Honours students are required to present their thesis proposals and completed thesis research in a "Proposal" and "Thesis" Seminar. Proposal seminars will typically be held in early January, while theses at or near completion will usually be presented in April (the exact dates will vary from year to year).
Other Honours seminars will be led by faculty members on various topics pertinent to writing an honours thesis, such as "Research Ethics in Psychology," "Conducting a Literature Review," and "Proposal Writing." Faculty may also present their own research, providing students with an understanding of how various types of research are conducted. These seminars are intended to help the student not only with their thesis, but to serve as guidance for future career plans and goals. Honours student are expected to attend all seminars.
Honours Theses will be defended in an oral exam to the student's supervisory committee. This committee will normally consist of the student's supervisor plus two other faculty members, or one other faculty member and a professional from the community. After the defence, the committee will assign the thesis one of the following grades: Failed, Passed, or Passed with Distinction.

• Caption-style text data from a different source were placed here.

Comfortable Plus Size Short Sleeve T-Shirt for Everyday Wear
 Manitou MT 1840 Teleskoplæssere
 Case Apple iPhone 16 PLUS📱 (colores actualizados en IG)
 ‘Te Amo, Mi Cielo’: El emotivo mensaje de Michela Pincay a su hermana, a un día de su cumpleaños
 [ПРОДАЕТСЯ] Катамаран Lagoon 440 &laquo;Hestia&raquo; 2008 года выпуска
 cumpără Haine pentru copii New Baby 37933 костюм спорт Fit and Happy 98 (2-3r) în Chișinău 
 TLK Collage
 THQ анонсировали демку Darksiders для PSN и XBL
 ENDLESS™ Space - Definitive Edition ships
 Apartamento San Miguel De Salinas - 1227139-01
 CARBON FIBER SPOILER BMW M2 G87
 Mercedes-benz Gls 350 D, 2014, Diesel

The "Honours Process": Starting and Finishing an Honours Degree
There are three "entry points" into the Honours Program (i.e., due dates for submitting applications): May 1, September 1, or January 4. Because of the extra course requirements and the extra time consumed by the process of producing an Honours Thesis, early planning is important. Although the Honours Program is not just for students thinking of graduate school, an Honours degree is needed for admission into most graduate programs (including non-psychology). Those interested in this path are advised to complete their Honours thesis in their fourth year, and should consider the following time-line:
- 3rd year (1st term): Consider options after graduation; identify area(s) of interest; discuss with academic advisor.
- 3rd year (2nd term): Contact the Honours Co-ordinator or a professor who is conducting research in an area of interest, and who is accepting Honours students the following year.
- Starting the program: Pending an agreement with a professor, students should submit their application to enter the Honours Program in either the beginning of the summer (May 1) or fall (September 1) semesters (i.e., between 3rd and 4th or beginning of 4th year).
- Other Important Points about the Honours Program
Admission to the program will be competitive, and because the demand for the program will likely exceed the resources, not all applicants who meet the formal requirements will be accepted. Students may be required to produce their theses largely at their own expense. The Department of Psychology is able to provide some financial support in the form of an Honours Thesis account, but the amount will depend on the funding the Department receives, and the number of students in the program.